There is a separate facility for creating much more complex and powerful quizzes that allow text answers, radio buttons, drop-downs, and so on. Unfortunately you can only see these results in post-event reports, so they aren't a direct substitute for the interactive polling feature.
Recording a session stores it on Elluminate's servers in a proprietary (VCR) format. This results in very small file sizes (an hour presentation might be only 10MB). You can download a VCR recording file and place it on a CD along with Elluminate's viewing software so recipients can play it back immediately (it doesn't require a local install of the viewer software). You can also convert your recording to a more standard Flash or MOV format (which will be much larger).

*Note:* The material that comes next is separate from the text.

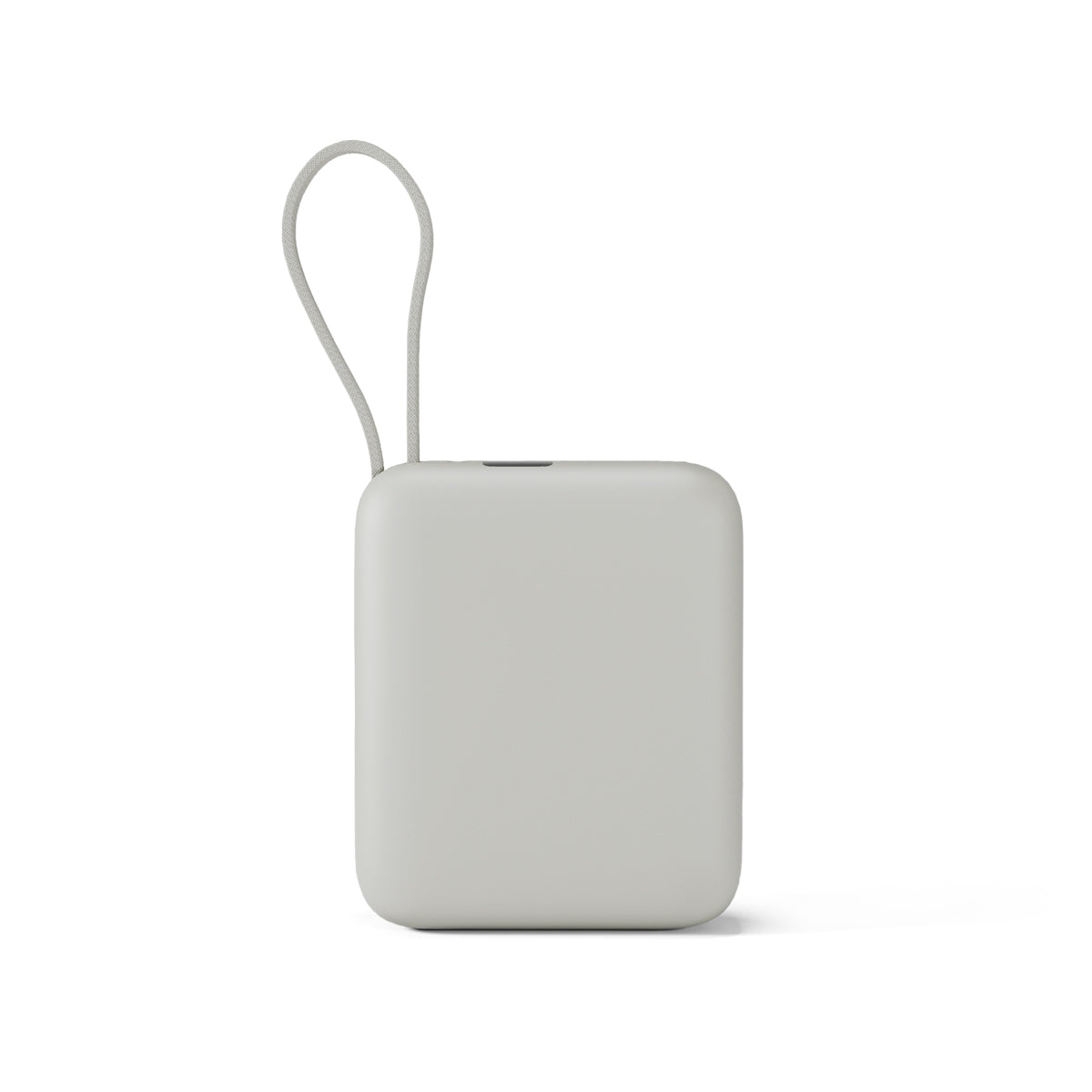 Epico UltraPack Power Bank EP19 – 10000mAh Schnelllade-Powerbank mit 35W Output, integriertem Kabel und Display, in Grau, Rückseite mit Schlaufe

One intriguing feature I didn't have a chance to test was absolutely unique to Elluminate Live!. Users can take notes on their system during a presentation. When they play back the recording of the event, their notes display in synch with the content. That's pretty snazzy! Recordings also preserve interactive portions of the live event, so if the presenter sent out a file share to the audience, recording viewers can get the file as well. If there was an interactive Web tour during the live event, the recording will lead viewers through the same Web pages.
I asked about registration management and was told that you can create registration pages with or without passwords for events. You can also send out an individual secure link that is different for each attendee. If an attendee forwards it to someone else (for instance, to avoid paying two registration fees) the system blocks the second attempt to log in. This is great for fee-based events. Of course you get all the usual reports on attendance, registration, chat logs, and so on.
My take on Elluminate from this quick overview is that it serves its primary purpose well. Trainers and educators should be able to easily carry out their online sessions using the software. Features such as group interactive whiteboards and breakout rooms are very useful for these applications. The cross-platform aspects are welcome for serving a diverse audience. The use of VoIP for audio eliminates having to set up and pay for an audio conference line and can be effective for international meetings where phone access can get expensive.
I am not quite as keen on Elluminate Live! for marketing and lead generation events. Your audience can see other members of the audience in the participant list, which may raise privacy concerns and may be embarrassing if you have poor turnout. The license agreement for one-time participants is overbearing. And polling is not implemented for maximum marketing effectiveness.
Elluminate itself seems to be a strong company with a mature product, good customer base, and proper support facilities. It is worth a look if your priorities fit the product's strengths.